*EXERCISE REQUIREMENTS*
Reproduce all entries precisely as they are written.

*DATASET EXCERPTS*
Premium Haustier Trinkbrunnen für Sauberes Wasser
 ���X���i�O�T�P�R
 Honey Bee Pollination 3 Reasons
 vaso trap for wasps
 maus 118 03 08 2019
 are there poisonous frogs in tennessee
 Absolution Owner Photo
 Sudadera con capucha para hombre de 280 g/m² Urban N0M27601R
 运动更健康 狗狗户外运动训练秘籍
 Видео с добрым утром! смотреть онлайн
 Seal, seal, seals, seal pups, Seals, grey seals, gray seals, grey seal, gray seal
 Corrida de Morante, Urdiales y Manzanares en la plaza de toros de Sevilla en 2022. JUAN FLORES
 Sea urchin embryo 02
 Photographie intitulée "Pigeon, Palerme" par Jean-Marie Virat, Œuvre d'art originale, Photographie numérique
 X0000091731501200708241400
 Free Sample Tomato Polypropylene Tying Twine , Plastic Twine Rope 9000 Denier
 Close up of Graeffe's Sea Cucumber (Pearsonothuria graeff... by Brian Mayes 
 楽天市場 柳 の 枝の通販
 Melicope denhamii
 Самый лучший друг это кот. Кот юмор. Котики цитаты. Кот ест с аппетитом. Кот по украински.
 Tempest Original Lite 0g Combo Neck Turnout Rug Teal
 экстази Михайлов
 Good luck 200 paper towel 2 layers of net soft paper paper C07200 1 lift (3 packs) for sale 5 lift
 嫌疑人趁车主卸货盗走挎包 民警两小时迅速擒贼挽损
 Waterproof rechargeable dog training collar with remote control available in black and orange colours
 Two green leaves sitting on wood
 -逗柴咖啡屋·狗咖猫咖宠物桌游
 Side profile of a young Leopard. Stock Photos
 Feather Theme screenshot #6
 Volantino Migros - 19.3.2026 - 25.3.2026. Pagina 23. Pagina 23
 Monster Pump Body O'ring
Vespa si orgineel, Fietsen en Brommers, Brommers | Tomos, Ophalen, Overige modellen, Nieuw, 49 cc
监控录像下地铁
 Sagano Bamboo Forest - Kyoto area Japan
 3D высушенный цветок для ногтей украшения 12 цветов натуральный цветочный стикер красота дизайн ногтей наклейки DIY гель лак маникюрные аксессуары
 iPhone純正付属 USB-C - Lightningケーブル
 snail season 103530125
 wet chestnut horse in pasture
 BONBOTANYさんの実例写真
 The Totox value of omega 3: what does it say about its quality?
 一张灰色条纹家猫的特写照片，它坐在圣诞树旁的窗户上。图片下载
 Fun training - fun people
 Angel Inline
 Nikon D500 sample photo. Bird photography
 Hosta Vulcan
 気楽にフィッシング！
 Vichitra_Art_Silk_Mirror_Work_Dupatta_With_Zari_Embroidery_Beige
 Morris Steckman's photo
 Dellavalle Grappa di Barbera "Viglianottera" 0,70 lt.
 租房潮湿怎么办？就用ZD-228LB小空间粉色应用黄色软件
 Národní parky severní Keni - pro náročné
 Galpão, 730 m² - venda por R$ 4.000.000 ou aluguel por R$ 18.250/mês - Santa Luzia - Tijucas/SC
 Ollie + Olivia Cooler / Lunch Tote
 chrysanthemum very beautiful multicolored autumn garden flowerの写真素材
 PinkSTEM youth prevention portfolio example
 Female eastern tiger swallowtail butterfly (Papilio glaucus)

*PROBLEM SOLUTION*
Premium Haustier Trinkbrunnen für Sauberes Wasser
 ���X���i�O�T�P�R
 Honey Bee Pollination 3 Reasons
 vaso trap for wasps
 maus 118 03 08 2019
 are there poisonous frogs in tennessee
 Absolution Owner Photo
 Sudadera con capucha para hombre de 280 g/m² Urban N0M27601R
 运动更健康 狗狗户外运动训练秘籍
 Видео с добрым утром! смотреть онлайн
 Seal, seal, seals, seal pups, Seals, grey seals, gray seals, grey seal, gray seal
 Corrida de Morante, Urdiales y Manzanares en la plaza de toros de Sevilla en 2022. JUAN FLORES
 Sea urchin embryo 02
 Photographie intitulée "Pigeon, Palerme" par Jean-Marie Virat, Œuvre d'art originale, Photographie numérique
 X0000091731501200708241400
 Free Sample Tomato Polypropylene Tying Twine , Plastic Twine Rope 9000 Denier
 Close up of Graeffe's Sea Cucumber (Pearsonothuria graeff... by Brian Mayes 
 楽天市場 柳 の 枝の通販
 Melicope denhamii
 Самый лучший друг это кот. Кот юмор. Котики цитаты. Кот ест с аппетитом. Кот по украински.
 Tempest Original Lite 0g Combo Neck Turnout Rug Teal
 экстази Михайлов
 Good luck 200 paper towel 2 layers of net soft paper paper C07200 1 lift (3 packs) for sale 5 lift
 嫌疑人趁车主卸货盗走挎包 民警两小时迅速擒贼挽损
 Waterproof rechargeable dog training collar with remote control available in black and orange colours
 Two green leaves sitting on wood
 -逗柴咖啡屋·狗咖猫咖宠物桌游
 Side profile of a young Leopard. Stock Photos
 Feather Theme screenshot #6
 Volantino Migros - 19.3.2026 - 25.3.2026. Pagina 23. Pagina 23
 Monster Pump Body O'ring
Vespa si orgineel, Fietsen en Brommers, Brommers | Tomos, Ophalen, Overige modellen, Nieuw, 49 cc
监控录像下地铁
 Sagano Bamboo Forest - Kyoto area Japan
 3D высушенный цветок для ногтей украшения 12 цветов натуральный цветочный стикер красота дизайн ногтей наклейки DIY гель лак маникюрные аксессуары
 iPhone純正付属 USB-C - Lightningケーブル
 snail season 103530125
 wet chestnut horse in pasture
 BONBOTANYさんの実例写真
 The Totox value of omega 3: what does it say about its quality?
 一张灰色条纹家猫的特写照片，它坐在圣诞树旁的窗户上。图片下载
 Fun training - fun people
 Angel Inline
 Nikon D500 sample photo. Bird photography
 Hosta Vulcan
 気楽にフィッシング！
 Vichitra_Art_Silk_Mirror_Work_Dupatta_With_Zari_Embroidery_Beige
 Morris Steckman's photo
 Dellavalle Grappa di Barbera "Viglianottera" 0,70 lt.
 租房潮湿怎么办？就用ZD-228LB小空间粉色应用黄色软件
 Národní parky severní Keni - pro náročné
 Galpão, 730 m² - venda por R$ 4.000.000 ou aluguel por R$ 18.250/mês - Santa Luzia - Tijucas/SC
 Ollie + Olivia Cooler / Lunch Tote
 chrysanthemum very beautiful multicolored autumn garden flowerの写真素材
 PinkSTEM youth prevention portfolio example
 Female eastern tiger swallowtail butterfly (Papilio glaucus)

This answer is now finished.